In this amazing conclusion to the Tara Trilogy Tara is yet again forced to face off with strong evil forces. It isn’t Zarku this time, but Layla (Tara’s step-sister) who is framing her for many terrible acts. Throwing suspicion on her and turning the entire village against Tara until she must turn to Lord Yama for help before it’s too late. But how can Tara convince the village she’s innocent when no one trusts her?

I give this book three stars (out of five). It’s a great book and an amazing conclusion to the Tara Trilogy, however this book is infuriating to read. This is one of those books that makes the main character suffer, while the other characters treat her badly and unfairly and only gives her justice at the end. Reading Tara struggling and being punished for crimes she did not commit, was terrible. Though it’s still a good book it is a bad experience to read this book while wanting Tara to succeed, but everything and everyone is against her and she still has to fight even after everything she’s already been through.

[Spoiler warning, this plot summary will not make sense if you haven’t already read earlier books in this series and it will also include many spoilers and an explanation of the ending. Please skip to the last paragraph to avoid spoilers.]

So the main story in this book is that Layla (Tara’s stepmother’s daughter) is doing bad things and framing Tara for them.
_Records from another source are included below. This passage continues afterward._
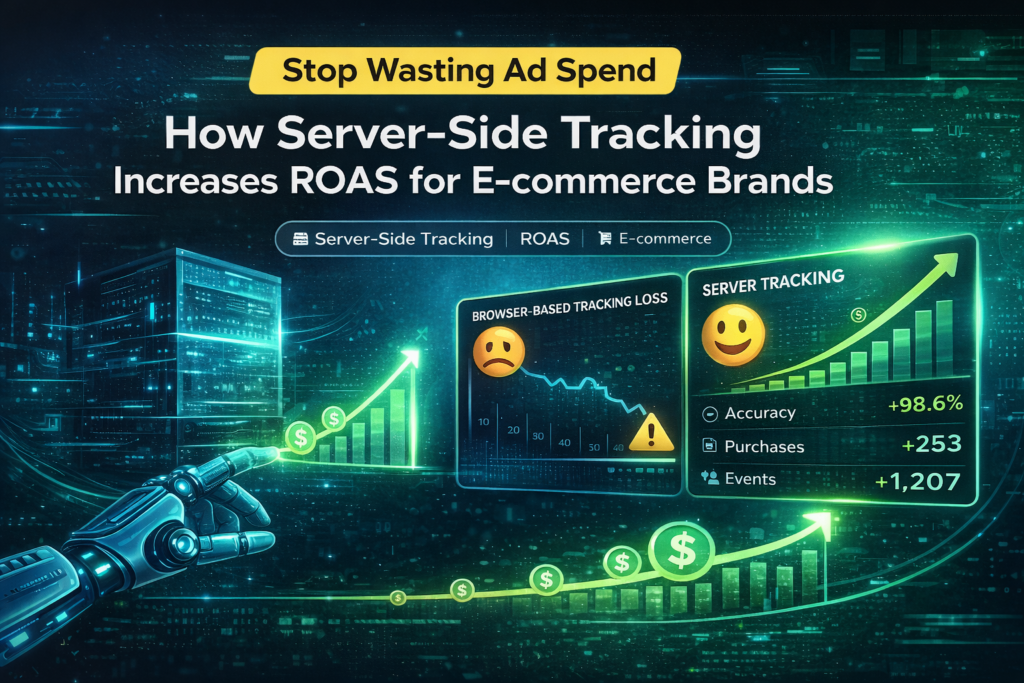 Server-side tracking dashboard showing increased ROAS and improved ecommerce conversion tracking accuracy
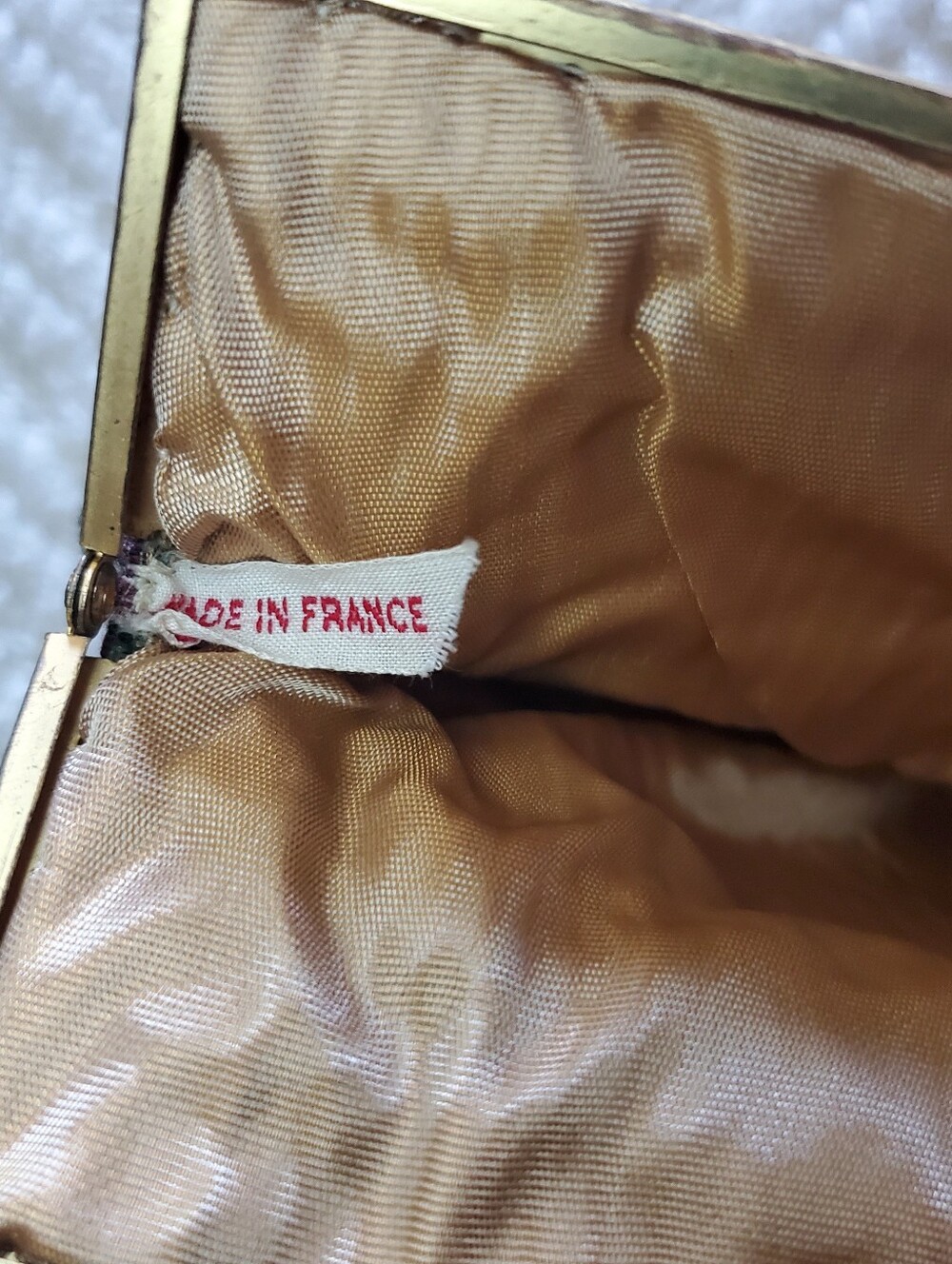 Vintage French Floral Tapestry Kiss Lock Chain Evening Bag Purse - Picture 7 of 14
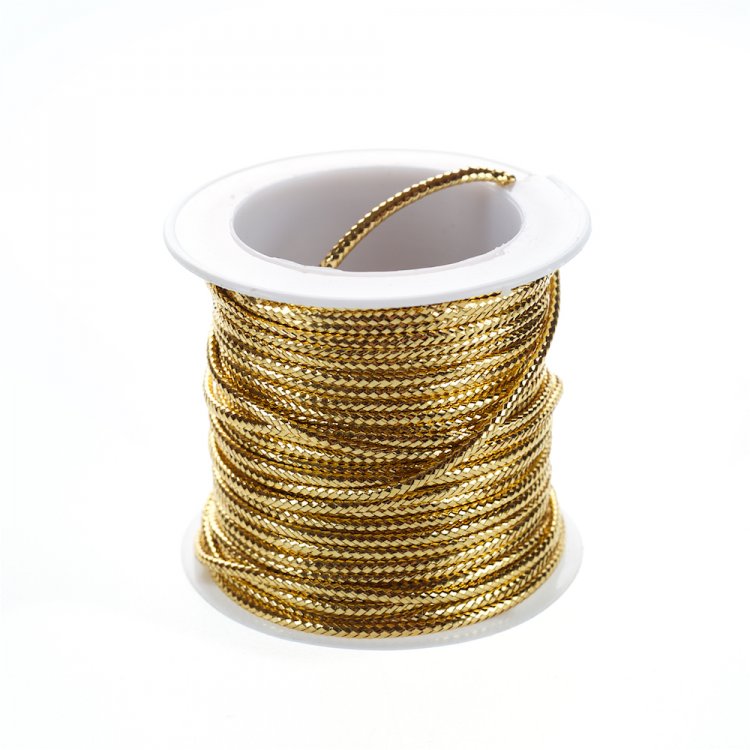 Шнур люрексовой плетений. Золотий. Діаметр 1 мм, довжина 10м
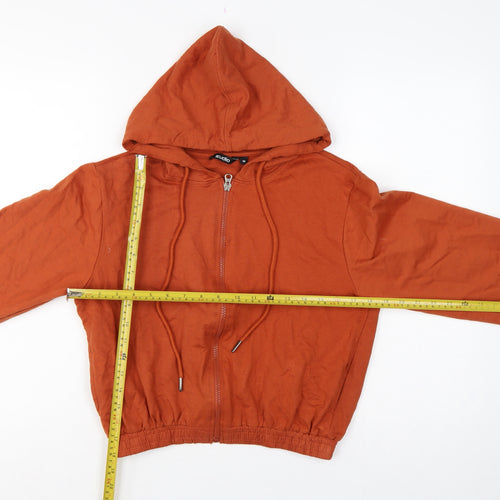 Zudio Women’s Orange M Full Zip Hooded Cotton Graphic Hoodie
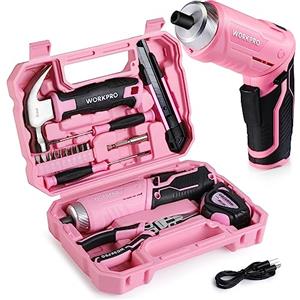 WORKPRO Set 18 di Attrezzi Rosa con Cacciavite a Batteria da 3,7V, Cassetta Attrezzi Completa con 10 Punte, Coltello, Martello, Cacciavite di Precisione, Metro a Nastro, Pinze a Becchi Lunghi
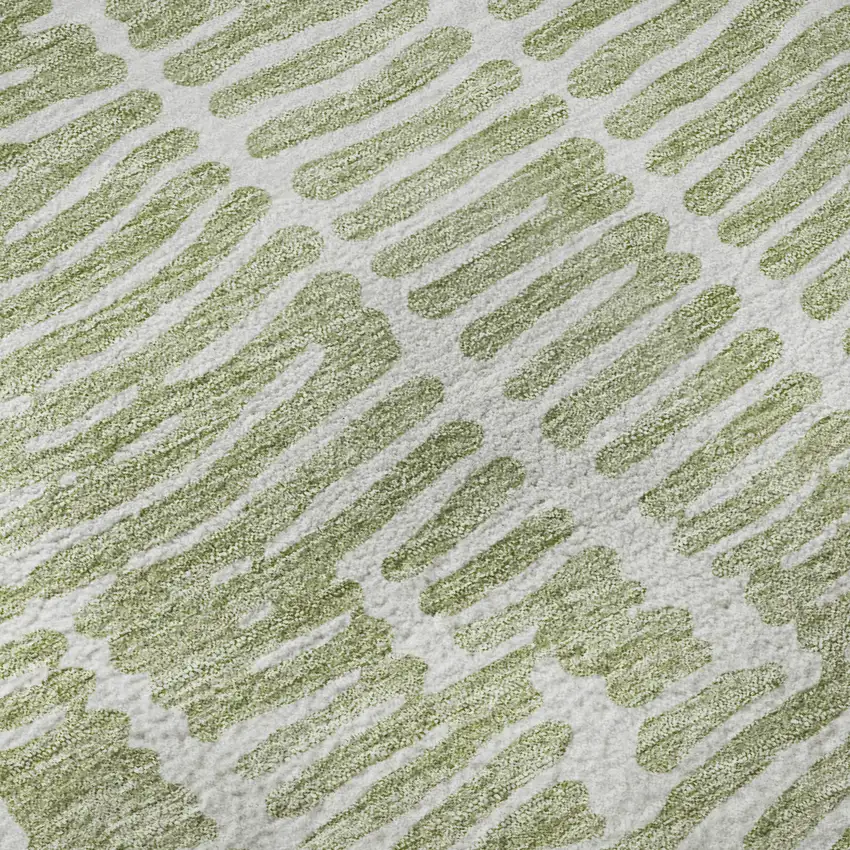 Artichoke Green And Ivory Vermicular Washable Area Rug With UV Protection Photo 9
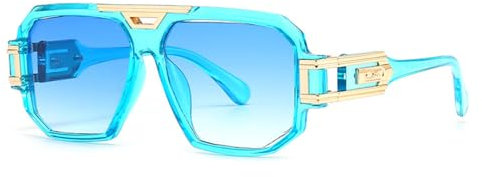 MUTYNE Herren Vintage Sonnenbrille, Übergröße, Polarisiert, UV400, Blau, Pilot, Kunststoffrahmen, Klassisch, Männer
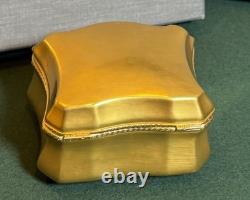 Vintage Porcelain Trinket Box with Gold-Tone Exterior Hinged Vanity Keepsake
Everyone believes she did it though, she is punished and her family is looked on as bad luck. In a devastating show of selflessness, Tara ends up giving up her own life to save the people of her village. But due to a deal she made with Lord Yama she can’t tell anyone what she’s doing, so when she’s framed for something she didn’t do but can’t truthfully tell where she was, she gets the blame for everything Layla did and is sentenced by the village leaders to be stoned to death.

However, she is saved by Lord Yama, who tells everyone the truth and forces Layla to admit to what she’s done. And through miraculous circumstances Tara ends up surviving and forgiving everyone for what they’d done to her (kill her little brother, set her house on fire, nearly stone her to death, accuse her of lots of things and instantly turn on her, etc).

So it’s kind of a good ending, not just to the book but to the series, but I still don’t think it’s worth it overall. From Tara’s perspective everyone she’s ever known suddenly started hating her and by the end she just has to forget all of that and forgive them once they know the truth. Personally I think that the entire story is made less impactful by the ending, and Tara should’ve had more of a happy ending because otherwise it just makes all the times when she was suffering seem like they didn’t affect her very much since she was easily able to forgive them. The small amount of justice Tara receives at the end of the book doesn’t add up to all the injustice she faces throughout the book.

Although I don’t like some of the plot points in this book I still think it’s great and have loved reading this series multiple times.